Australian national park

Jerrawangala National Park is located in New South Wales, Australia in the South Coast region. It is home to several endangered species and many different species of vertebrate. In 2013, the park attracted attention when several large, illegal cannabis plantations were found in the middle of the park; police had to winch their way in with helicopters to confiscate some of the plants.

== Wildlife ==
A wide variety of vertebrates have been reported from the park, including, according to the NSW National Parks & Wildlife Service, 14 species of amphibians, 19 mammals, 23 reptiles, and nearly 60 different species of birds. Several endangered species, both animal and plant, are found in the park, notably including rare orchids such as leek orchids. The endangered giant burrowing frog is also found there. Bat populations in the park are such that one study captured 38 individuals in five different species in just one night.

The park is at moderate risk of dangerous bushfires; it was severely affected by the 2001 bushfire season. Nearly all of the park was impacted by the 2019-20 bushfire season, which was unprecedentedly large and catastrophic.

== Cannabis incident ==
In January 2013, police officers found and seized a total of $279,000 (AUD) worth of cannabis plants, being grown deep in the national park, west of the town of Sussex Inlet. Cannabis cultivation for personal use or without a licence is illegal in New South Wales, and is an imprisonable offence.

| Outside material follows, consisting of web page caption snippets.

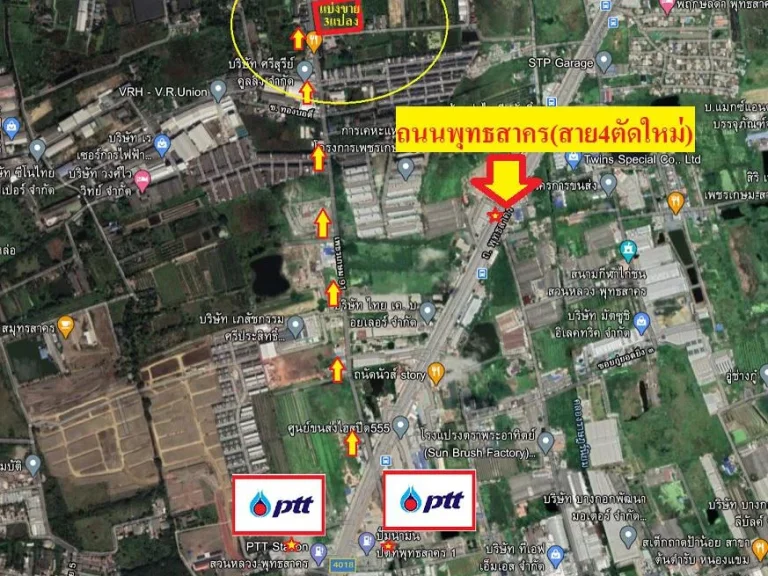 แบ่งขายที่ดิน3แปลงติดถนนซอยเพชรเกษม91 ใกล้ถนนพุทธสาครสาย4ตัดใหม่ อกระทุ่มแบน จสมุทรสาคร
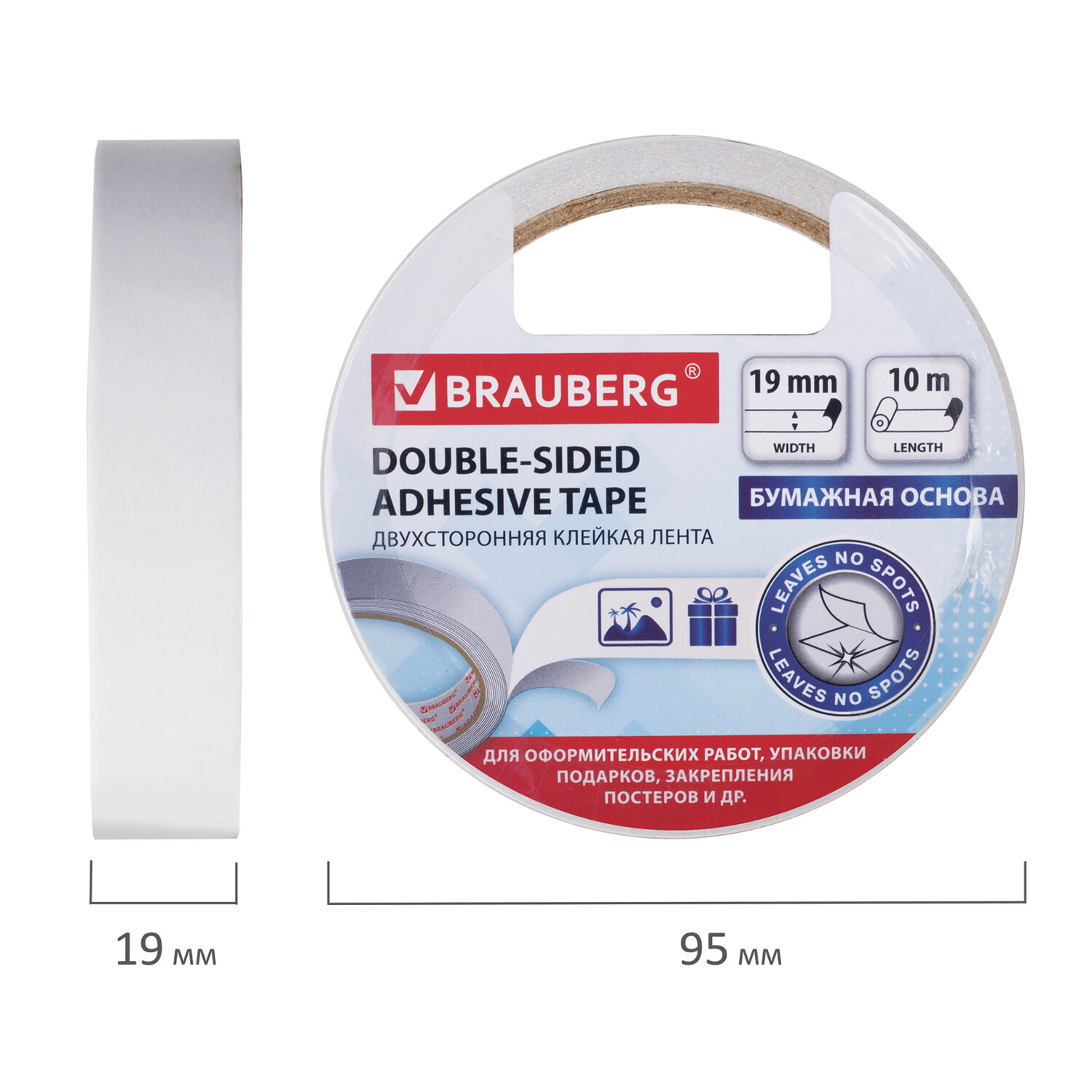 227268, (цена за 8 шт.) Клейкая двухсторонняя лента 19 мм х 10 м, БУМАЖНАЯ ОСНОВА, BRAUBERG, 227268
227268, (цена за 8 шт.) Клейкая двухсторонняя лента 19 мм х 10 м, БУМАЖНАЯ ОСНОВА, BRAUBERG, 227268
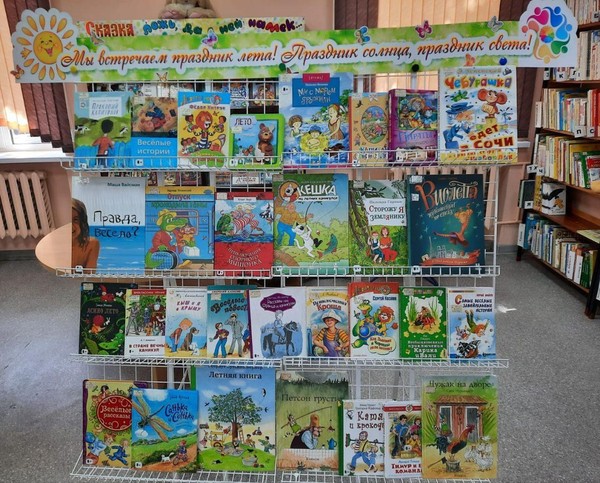 «Книга источник знаний»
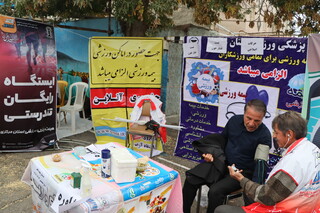 دختران آفتاب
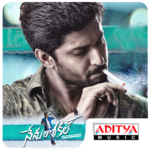 Nenu Local for PC Nenu Local for PC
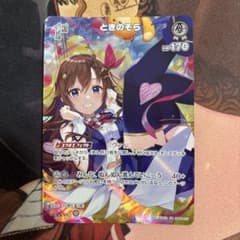 ホロカ ときのそら SRのサムネイル
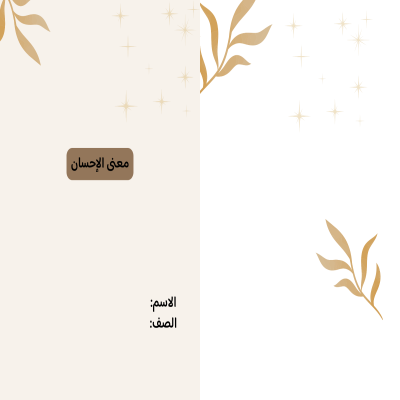 مطوية الإحسان صف ثالث الفصل الدراسي الثاني 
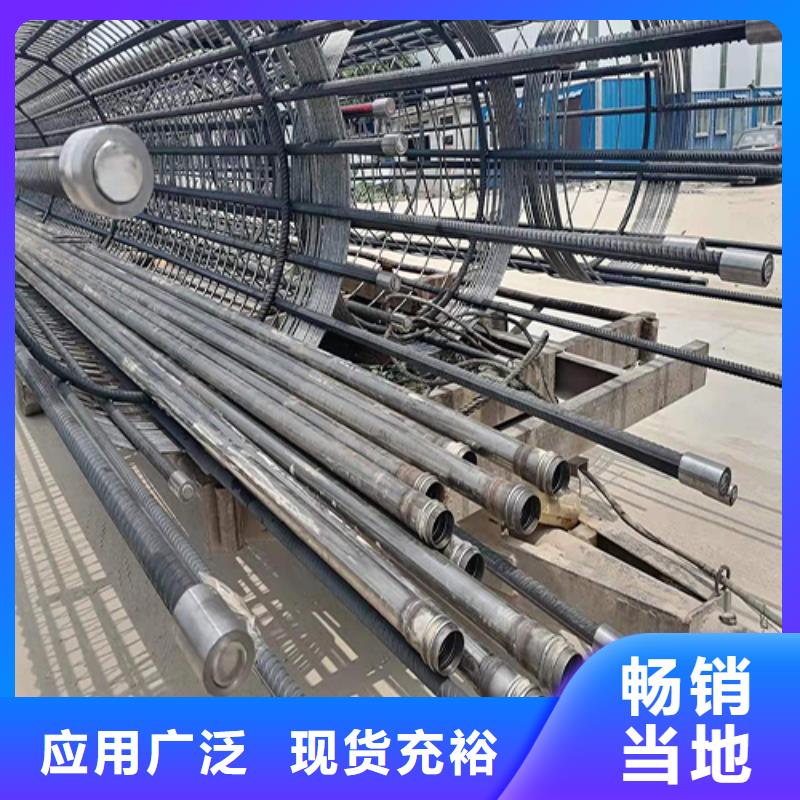 桩基检测管品质优货源充足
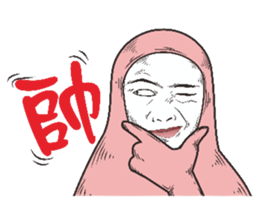 Mochi naughty child sticker #7301504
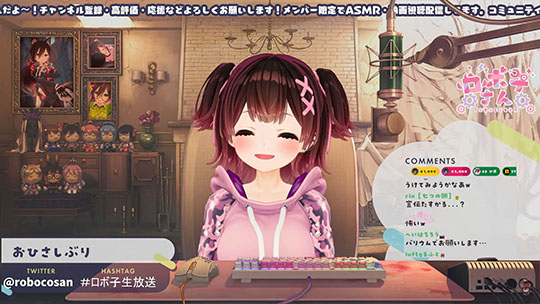 ロボ子さん　胃カメラ　ホロライブ　健康診断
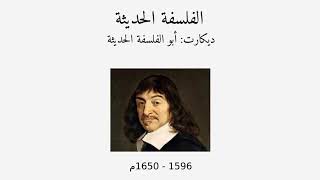 الفلسفة الحديثة | ديكارت: المنهج والشك # مجزوءة الفلسفة | جذع مشترك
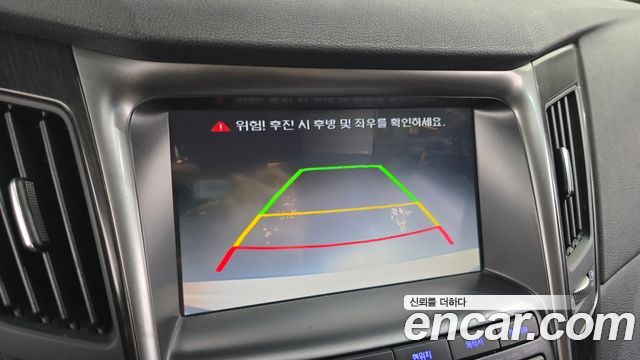 Hyundai Sonata 2013 — photo 23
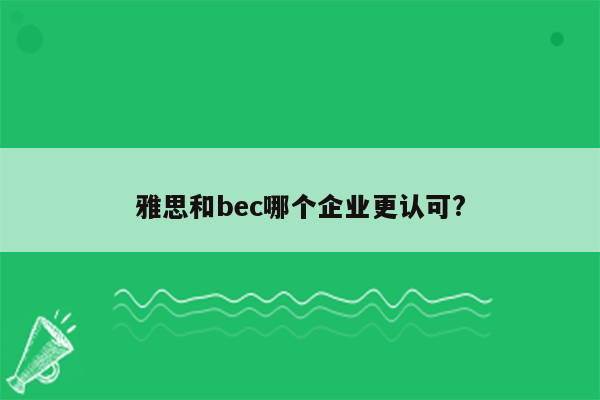 雅思和bec哪个企业更认可?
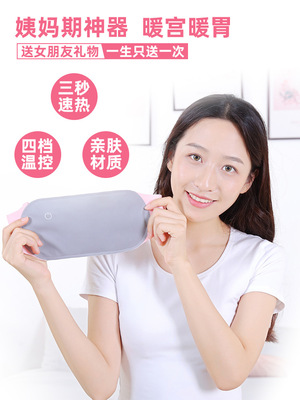 Nuangong belt Graphene fever Warm house Protection belt Winter palace Menstrual Dysmenorrhea Aunt Artifact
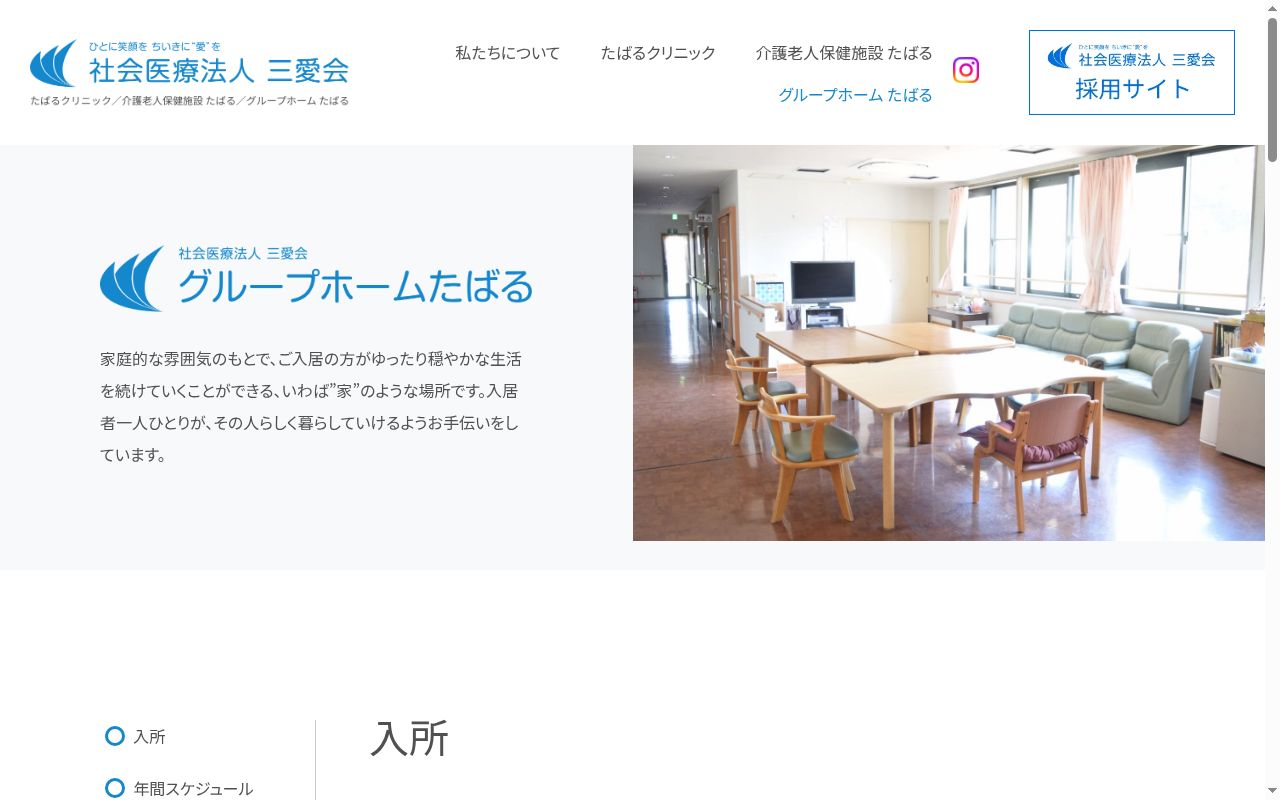グループホームたばるの公式サイトのスクリーンショット
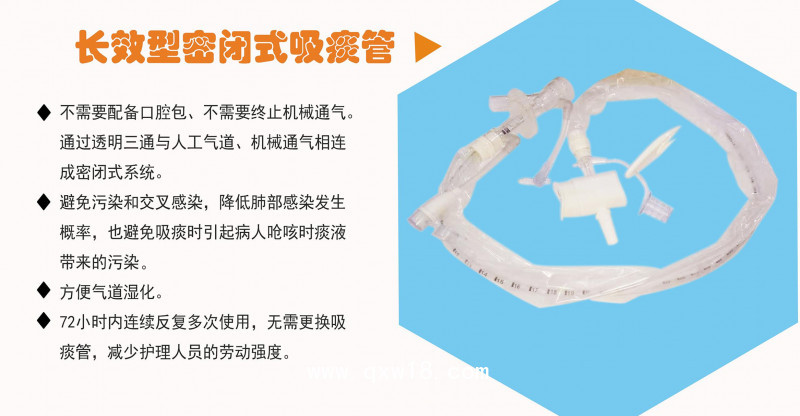 一次性使用密閉式吸痰管（72H長(zhǎng)效型）10Fr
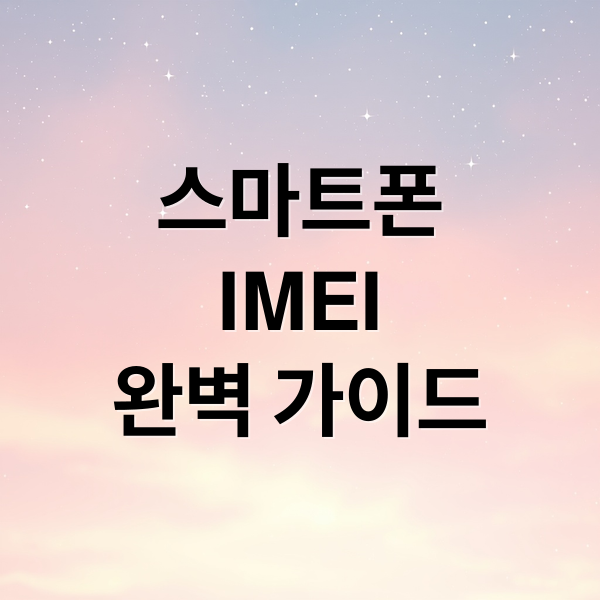 스마트폰
IMEI
완벽 가이드 (IMEI 조회 분실 도난)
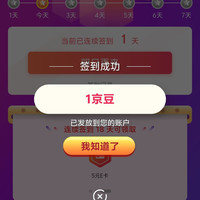 悦哺京东自营旗舰店每天签到领1京豆，连签18天领5元e卡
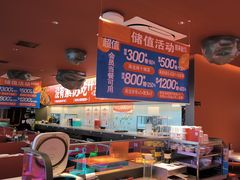 -蛙来哒(石景山万达店)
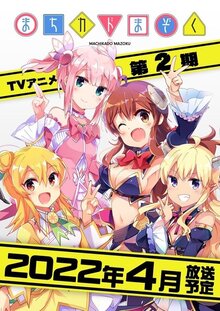 Machikado Mazoku poster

The first two plantations were found on 21 January by Nowra police officers and the Rural Fire Service. It was protected by rabbit traps, fences, and wire, and reportedly had several "established watering systems". On 22 January, five more cannabis plantations were found nearby, protected by more animal traps and even trip wires – the police had to winch their way in with helicopters to confiscate some of the plants.